While another watercolour, Lavender, Walberswick, also sold at £30,000, the remaining sketches ranged from a pencil on tracing paper design for a fabric pattern sold at £2000 to £6500 for a series of pencil and watercolour plant studies on a single sheet dated c.1900. 

The group was offered as part of L&T’s Edinburgh sale on October 11 titled Design Since 1860.

5. Chinese naval cannon – £165,000

Chinese bronze naval cannon

17th century Chinese bronze naval cannon, £165,000 at Dore & Rees.

This rare 17th century Chinese bronze naval cannon guided at £30,000-50,000 made £165,000 at Dore & Rees in Frome on November 6.

Acquired by a West Country military family in the early 20th century, it came by descent.

The barrel bears an inscription translating as: The third month of Qianlong 54th year, In the year of 1789. Fu Jian Navy commander ordered the counting of the weapon from ‘Zuo Ying’. However, it is thought that the weapon was perhaps a century old at this point.

Chinese inscription

The inscription to the Chinese bronze naval cannon that made £165,000 at Dore & Rees.

It was further inscribed with the mark for Guo Xing Fu, which refers to ‘Zheng Cheng Gong’ who was a southern Ming general who resisted the Qing conquest of China in the 17th century and fought them on China’s south-eastern coast.
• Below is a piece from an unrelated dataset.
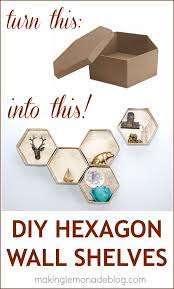 Diy Hexagon Wall Shelves The Easy Way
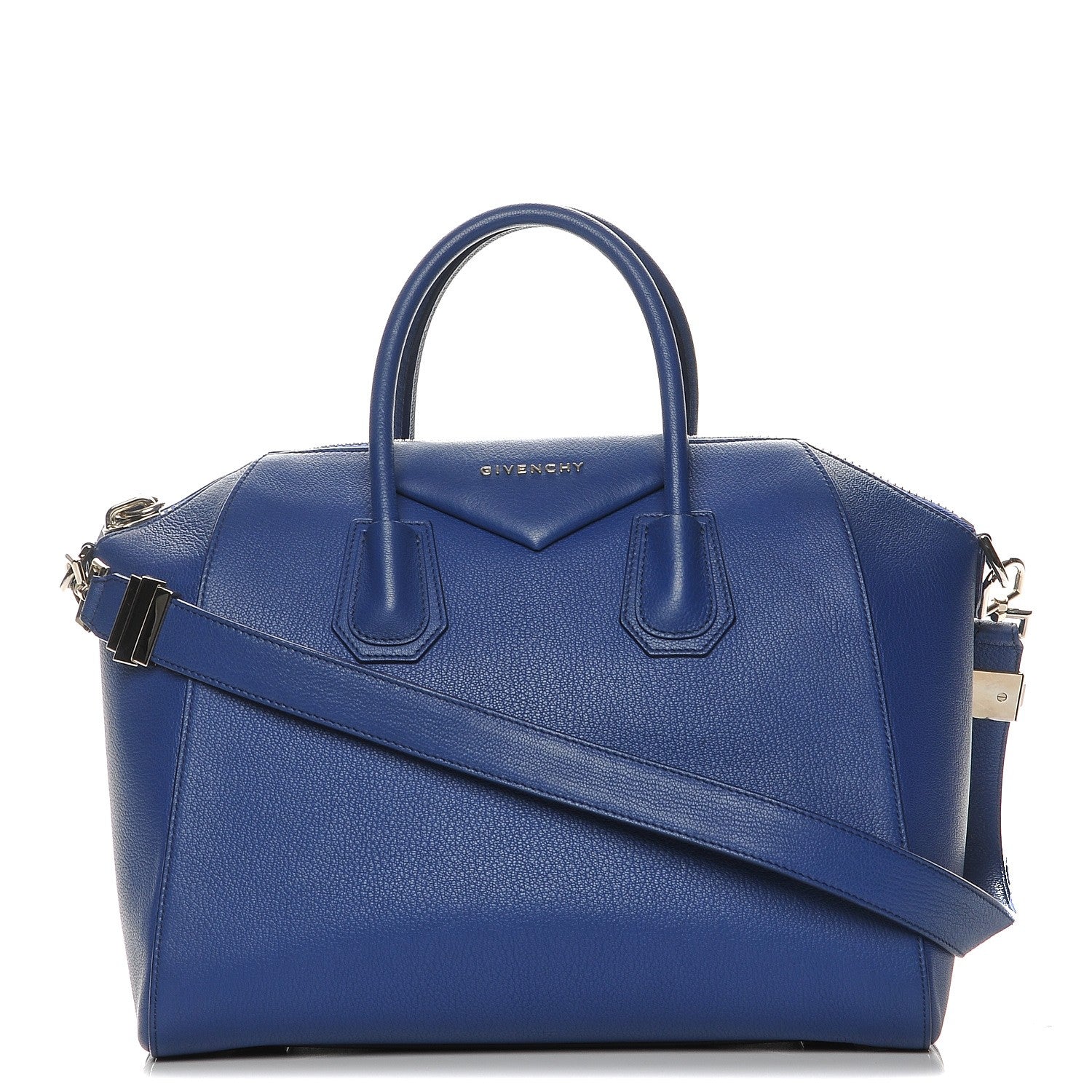 Givenchy Sugar Goatskin Medium Antigona Bright Blue 1 of 8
Dore & Rees says this cannon was probably used by the navy of Zheng to fight the Qing navy during the time. In 1661 Zheng Chenggong defeated a Dutch outpost in Taiwan and established a dynasty, the house of ‘Guo Xing ye’.

The approximately 5ft 5in (1.66m) long cannon, model no 20, is supported on a wooden carriage and weighs 430kg. There is a similar example in a museum in Xiamen.